Sunday, October 12, 2008

Pottery update--Shigaraki Pottery Festival and a few additions to my collection

Teapot (急須=kyusu). This is some great Shigaraki clay, rich with iron and other metals (I don't know) abudant in the soil. The metal creates the dark streaks and brownish/blackish band around the top. The cool white glaze adds a nice contrast.
So as I maybe mentioned before, the Shigaraki Pottry Festival is this holiday weekend. I went with a couple of friends to the festival and then crashed at the Shigaraki Pottery School where another ex-JET buddy is studying (an amazing place where students and professionals from around the world come to throw/work/study).

This is the coarse, tan earthtone typical of Shigaraki pottery. This and the teapot above were created by the same artist, a Shigaraki native.
I got to talk with about of different artists about their styles, soils, glazes--all of which I know little about but am keen to know more about. One big thing a lot of the local Shigarakians were saying is that there's little Shigaraki clay--famous its rough, coarse earthtones, speckled with iron flecks--left in the area.

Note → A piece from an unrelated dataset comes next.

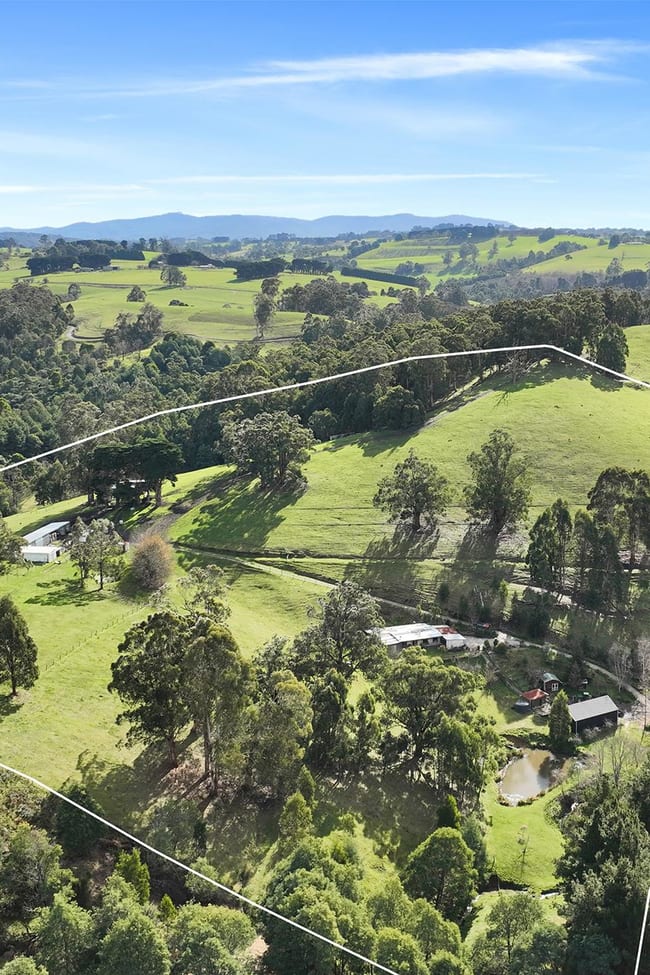 365 Sheffield Road Neerim South VIC 3831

Apparently the mountain hamlet has attracted not only pottery and tea conniseurs in pursuit of their asthetic passions, but golf courses dot the hillsides and take up quite a bit of land with minable (is that word appropriate here) clay.

I have always had a soft spot for golf as well, but recently I've been wondering--the excessive amount of fertilizer that runs off into the surrounding watershed, invading into pristene forests for sports and mangling the ecosystem, and the country club snobbery...golf made a lot of sense in the low grasslands of Scotland where maintainance wasn't necessary, but exporting it to other habitats is starting to appear more and more irresponsible. This clay shortage is strike two in my book against golf courses.
All tangents aside, I acquired a few new pieces that I want to show off. I'll go ahead and do that before I get sidetracked again.

This last one here is of a variety called Shino. I'm not 100% sure about what Shino means, but I know it's referring to the type of heavy white glaze, applied in a way that leaves cracks and gaps so that the color of the underlying glaze (here the red) shines through.